Different geometry between Synapse and Six. Ride them.


----------



## LOUISSSSS (Dec 14, 2009)

Just compared the Spec list between the Synapse and Six. Everything except Frame & fork is identical. 

Which bike has the better quality CF?

whats each bike designed for?


----------



## Hank Stamper (Sep 9, 2009)

The CAAD 9 and Six have a geo designed for someone who want to race or ride in that way.

The Synapse has a more relaxed geo.

People have raced at a very high level (probably not crits though) with the Synapse and by the same token some other people enjoy all day rides on the Six and CAAD so the difference in GEO may or may not apply to a particular persons wants.


----------



## jlyle (Jul 20, 2007)

From your description of what you want to do with your bike - MHO, get the Synapse. As Hank said, it's a more relaxed geometry. Other than geometry, the carbon frame is more road friendly than the the Aluminum one. Aluminum frames don't absorb road shock very well and have a harsh feeling. Modern carbon frames are very light, but still very stiff and quick, but with a more comfortable ride over rough asphalt. My CAAD7 is a great bike, but I've not used it since I bought my carbon-framed SuperSix. I hope this helps.


----------



## ph0enix (Aug 12, 2009)

LOUISSSSS said:


> Just compared the Spec list between the Synapse and Six. Everything except Frame & fork is identical.
> 
> Which bike has the better quality CF?
> 
> whats each bike designed for?


Both are made of the same CF. The Six is more agressive - closer to the SuperSix except that it has a slightly longer head tube so it's a bit more comfortable. I have the Six Carbon 5 and I love it. It's a great bike:

http://www.cannondale.com/esp/esp/Reviews/Details/1044-Cycling-Plus-Chooses-the-SIX-CARBON-105 (this is the Euro version of the Carbon 5 with Mavic Aksium wheels and a Fi'zi:k saddle).

The CAAD9's geometry is exactly the same as the SuperSix's except that it has a Al frame - many would say that it's the best Al frame in the world.

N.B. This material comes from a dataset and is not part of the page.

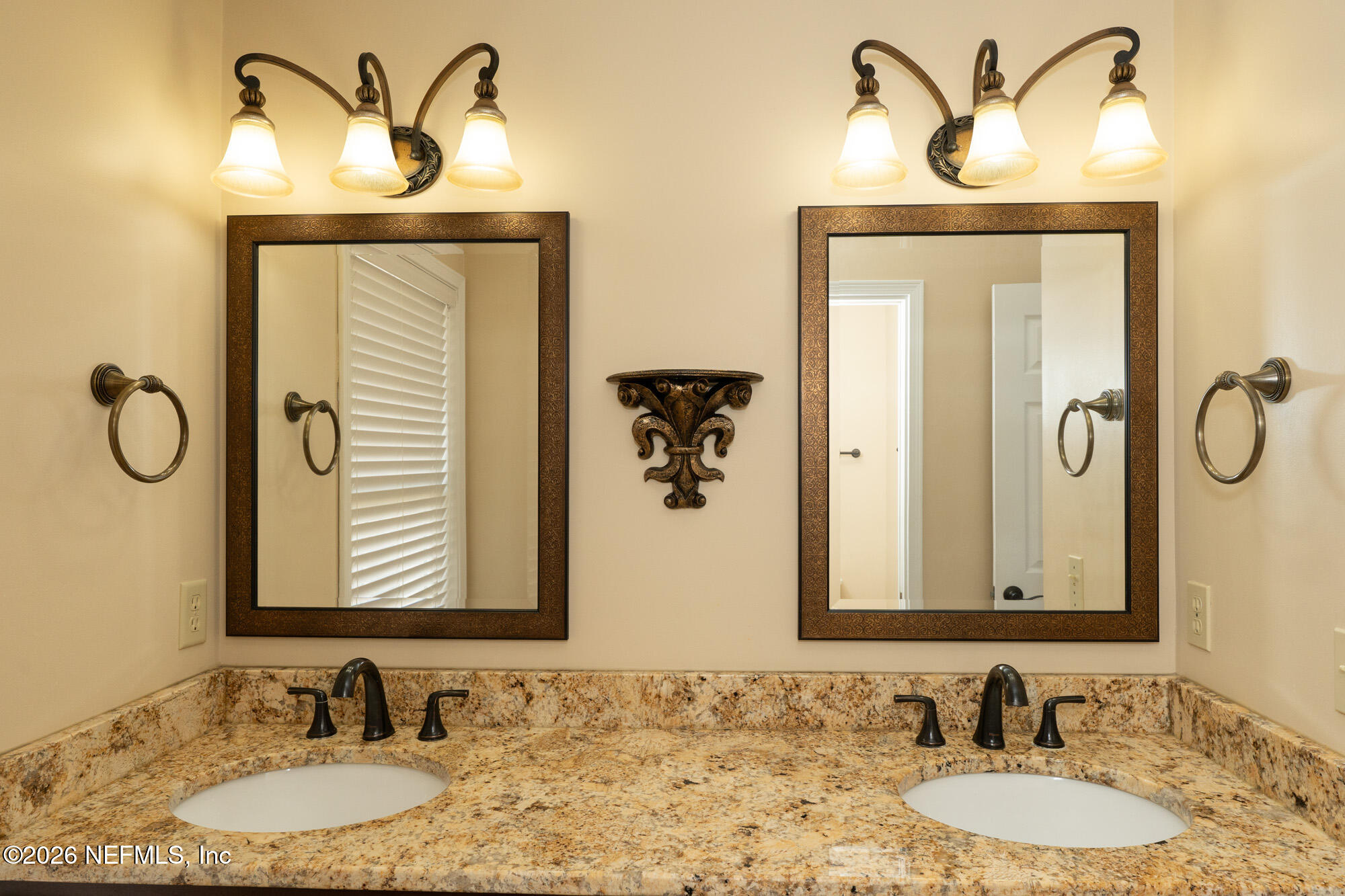 13177 Cricket Cove Road North Jacksonville, FL 32224 - Photo 30 of 39 a bathroom with a granite countertop sink and a mirror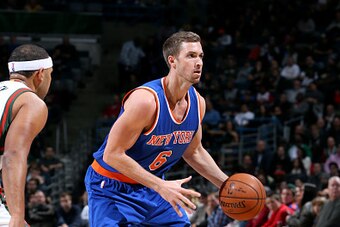 MILWAUKEE, WI - NOVEMBER 18: Travis Wear #6 of the New York Knicks handles the ball against the Milwaukee Bucks on November 18, 2014 at the BMO Harris Bradley Center in Milwaukee, Wisconsin. NOTE TO USER: User expressly acknowledges and agrees that, by do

The 105 drivetrain is not the lightest but it works well whether you're a beginner or a seasoned rider. It's a proven system that has been around for decades. The SRAM Rival group is fairly new but I hear it also works very well. The Shimano shifters uses STI while the SRAM utilizes DoubleTap - different ways of shifting but both are very intuitive. I tend to favor SRAM over Shimano even though I'm currently using 105. One day, I'll probably upgrade to either Force or Red.

Before I bought my Six, I fell in love with the look of the Synapse so I test-rode the Carbon 5 model. It didn't have the same response as the Six but it was by far the most comfortable bike I've ever ridden. It's great for long rides but for me it just didn't have enough spunk.


----------



## rcekstrom (Oct 4, 2008)

+1 on the synapse recomendation. More relaxed and meant for longer rides.


----------



## cyclust (Sep 8, 2004)

I agree with the synapse recomendation as well. But what it really boils down to is this- if you are a young, fit rider who favors speed above comfort, get a race bike like the six, super six of CAAD9. If you are a middle aged [or older] rider who maybe is less than perfectly fit, perhaps with some nagging back problems, or you simply want to go for longer rides and be comfortable, get the synapse. If you are happy averaging 17mph on the synapse vs 18 mph on a race bike, get the synapse. If you want every once of energy you put out to go to propelling you forward, comfort be danmed, get the Six [or SS or C-9]. End of story.


----------



## vinny (Mar 2, 2010)

I dont't know for the synapse but the CAAD9 is very comfortable, erasing bumps in "steel" fashion, no less. Very surprising for an aluminum frame. The CAAD9 geometry is very efficient too: no wandering or twitchy feeling. You feel planted on it, letting you thinking only at powering and pedaling. It's a bike that you forget when riding it.


----------



## LOUISSSSS (Dec 14, 2009)

which is heavier (please put in order since theres 3): Synapse Carbon 5, Six Carbon 5, CAAD9 4.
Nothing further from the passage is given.